North America is by far the largest directional market.

There are estimated to be 5,000 drilling rigs operating in the US and Canada and the figure is rising by 2,000 machines each year, against an estimated world total of 8000 rigs. In Europe, Germany is the most active market followed by the Italy, UK, Ireland and France.

Recent developments include down the hole hammers that allow directional drilling in rock, using small and midi rigs. Big improvements have also been made in integrating ground probing radar and 3D mapping programs to help plan routes.

However, to most directional drilling contractors a 'site investigation'means establishing the whereabouts of utilities so as to avoid them. There is seldom any consideration of soil type and properties.

A number of unsteered displacement systems are available for short drives. House connections and other short drives are carried out using relatively inexpensive unguided systems.
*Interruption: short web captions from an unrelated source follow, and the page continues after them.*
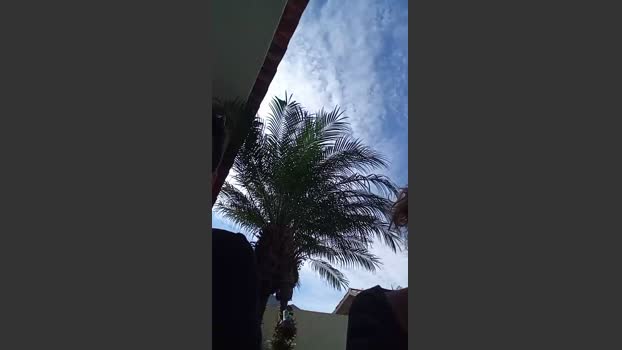 Casaldivertidoo bigboobs Webcam SHOW @ Cam4 01-04-2026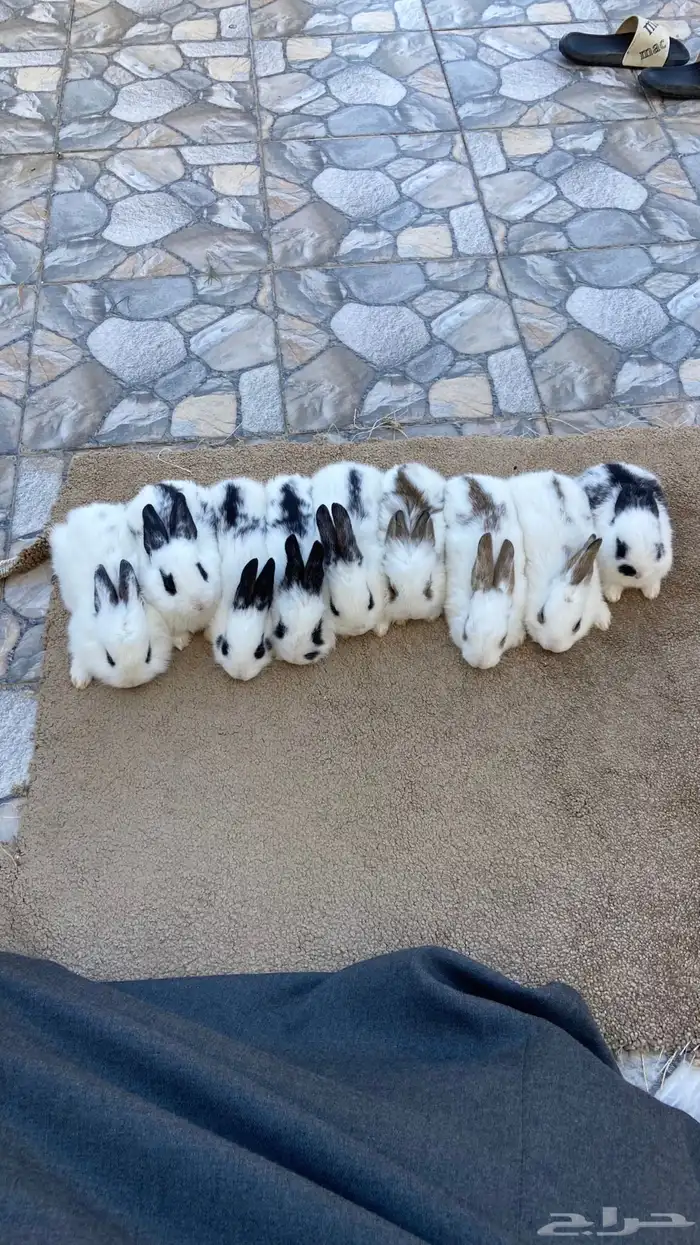 ارانب بابيون وايطالي (تم البيع) 3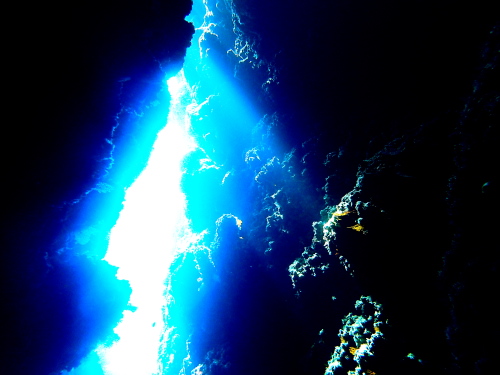 ケラマダイビング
Auger boring uses a rotating head to excavate the soil which is transported by auger flights operating in a casing to the drive pit. The head is recovered at an exit pit or in the trench cut for the adjacent length of pipeline.
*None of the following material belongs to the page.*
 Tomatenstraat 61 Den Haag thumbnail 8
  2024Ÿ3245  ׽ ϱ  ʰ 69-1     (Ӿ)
Impact moling, in which a percussive mole is launched from a drive pit to displace the soil and form a bore, is widely used. The new conduit is normally drawn in behind the mole.
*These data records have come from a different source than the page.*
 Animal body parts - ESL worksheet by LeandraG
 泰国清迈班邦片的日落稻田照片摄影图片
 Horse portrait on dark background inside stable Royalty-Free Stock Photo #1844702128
Pneumatically driven moles, in which the soil is displaced by the action of a percussive piston, have been developed in the range 30-80mm diameter, with repetitive multiple passes to achieve 250mm diameter.

Moles are commonly used by gas and water undertakings for installations of up to 40m long and for making 45-65mm diameter house connections.

Rod pushing is a technique in which a bore of about 50mm diameter is formed by displacement. A rod is advanced by a straight hydraulic push and the pilot hole may be back-reamed to the required size. The technique is used for the installation of pipes and conduits up to 150mm diameter over lengths of 30-40m.

Pipe ramming and thrust boring are similar processes where a casing, usually steel, is driven through the ground to the exit pit.

In pipe ramming, the casing is driven by a pneumatic hammer while in thrust boring it is advanced by a straight hydraulic push. For smaller diameters the casing may be closed, but in the larger sizes spoil is removed from the open-ended casing by compressed air and water.

Pipe bursting is a method for replacing and upsizing services by running an impact mole with a bursting tool down the existing pipe. This pushes the old pipe away and allows the new one to be pulled into the enlarged hole. In its infancy, the technique suffered because in many contracts pipe bursting was carried out at shallow depth, damaging pavements.

Microtunnelling used to mean remote controlled mechanised tunnelling of non-man entry size, but is increasingly used to mean remote controlled full-face mechanical tunnelling of any diameter. Apparently the term pipe jacking has bad connotations in the US.

Microtunnelling machines are the most sophisticated end of the trenchless armoury and there are few international equipment manufacturers and a relatively small number of contractors operating in any one market.

Geotechnical conditions are generally better understood on microtunnelling projects since, as in conventional tunnelling, the cutting head has to be carefully selected to deal with the expected ground conditions, with the appropriate cutting tools and crushing devices for the range of gravels, sands, silts, and clays.

Spoil may be removed from the face by an auger or slurry and it appears slurry machines are now dominating the market.

Microtunnelling machines are generally operated from a control console in the cabin at the surface. Accuracy in driving usually depends on the skill and experience of the operator.

Machines are now available to drive 100m or more in soft ground for sizes of 100mm diameter upwards, from drive shafts of less than 3m diameter.

Use of laser guidance control systems and computer monitoring, allied to steering capability, achieves a high degree of accuracy, typically within +/-25mm.

Microtunnelled sewers are often installed to a higher degree of accuracy than those laid in conventional trenches and the pipes are more evenly stressed.